God knows, there are worse views. From high up in the village, our house looks southwest over the orange village rooftops and beyond. Below us lies the whitewashed church, perched on its own hill in the centre of the village, and beyond, up on the next hill, two picturesque windmills and the green field below where white and chestnut horses peacefully graze. I can’t see the river, but the hills of Portugal are almost within touching distance and the river runs between them and the village.

Home Feature

It’s like a scene from a Hollywood movie, a cardboard cutout of an idyllic southern European village. Imagine Mama Mia, or Chocolat, or Jeremy Irons in the final scene of Damage.

It’s just as well that it’s such a pleasant view. Since September I have been staring at that view for more time than I ever could have imagined. To coincide with moving into the house (indeed, because of moving into the house) I slipped a couple of discs in my lower back, leaving me severely incapacitated. I can’t walk very much, I can’t do most of the things I love to do. All those things that draw me to life in the village and the things that make me feel part of village life are, for the moment, out of reach. It’s a strange and unpleasant feeling to be in the village and yet not in the village.

But I have the view. Despite the picture postcard quality of the place, I know this is no cardboard cutout. Behind those pretty whitewashed walls and under those orange roof tiles there is love and laughter, joy and sorrow. And in the hills beyond, the seasons bring change, there are lambs and rock roses and wild flowers.

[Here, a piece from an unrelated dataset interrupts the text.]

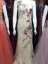 Picture of White Georgette Kaftan Dress for Women - Look 13971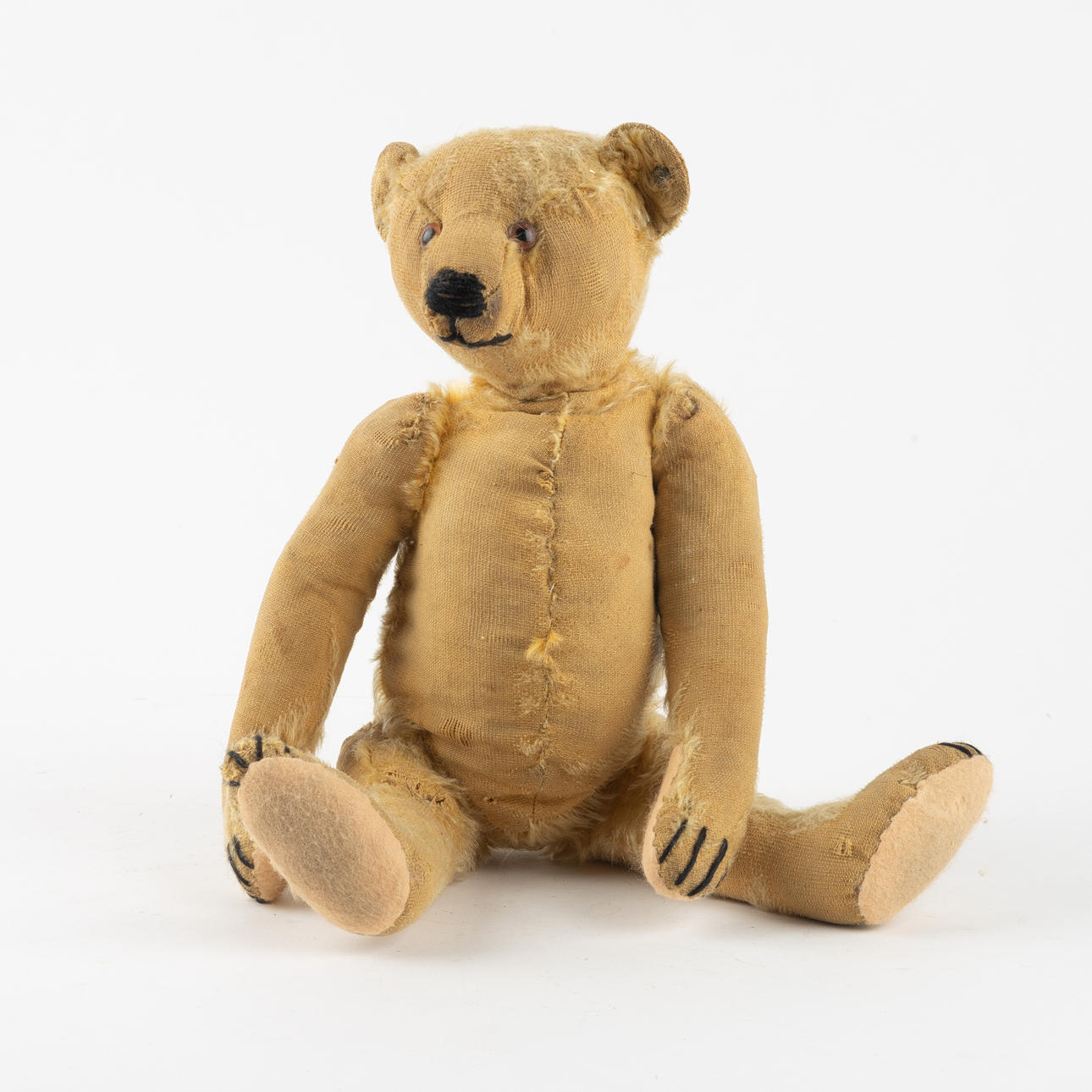 STEIFF teddy bear, button-marked, 1920s/1930s.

I am reminded of (though in no way compare myself to) Seamus Heaney’s poem Field of Vision* as I sit looking out on the view from my office desk or from the sitting room. For almost six months I have watched the seasons change, the parched sun-baked golden brown of summer giving way to the bright rain-fed greens of winter and spring. I’ve watched the sky, the bright blue empty sky, and the immense clouds sometimes bringing torrential showers of rain. These mornings I look down on fog, an inversion over the river, like steam rising from a witch’s cauldron.

The changing life of the village is harder to observe from this remove. Like those subtler changes in the landscape, one has to be in the village, rather than observing it from afar, to understand and appreciate its changing moods. I cherish those rare occasions these days, when I get out, when I feel sociable enough to be a part of village life again for an hour or two.

I long for a time when I can once again take a carefree stroll down to the bar and have a coffee or beer with whoever happens to be around, chat with my neighbours when we pass on the street, be spontaneous in my socializing. And I long to get beyond the village, to take long walks in the hills again, to be nose-to-nose with wild flowers, to row across the river in my little red dinghy and walk the smuggler’s trail in Portugal.

I am optimistic that all those things will come my way again. I expect I’ll appreciate them all the more for the months I have spent merely observing life through the frame of my front window.

*Field of Vision
Seamus Heaney

I remember this woman who sat for years
In a wheelchair, looking straight ahead
Out the window at sycamore trees unleafing
And leafing at the far end of the lane.

Straight out past the TV in the corner,
The stunted, agitated hawthorn bush,
The same small calves with their backs to wind and rain,
The same acre of ragwort, the same mountain.

She was steadfast as the big window itself.
Her brow was clear as the chrome bits of the chair.
She never lamented once and she never
Carried a spare ounce of emotional weight.

Face to face with her was an education
Of the sort you got across a well-braced gate —
One of those lean, clean, iron, roadside ones
Between two whitewashed pillars, where you could see

Deeper into the country than you expected
And discovered that the field behind the hedge
Grew more distinctly strange as you kept standing
Focused and drawn in by what barred the way.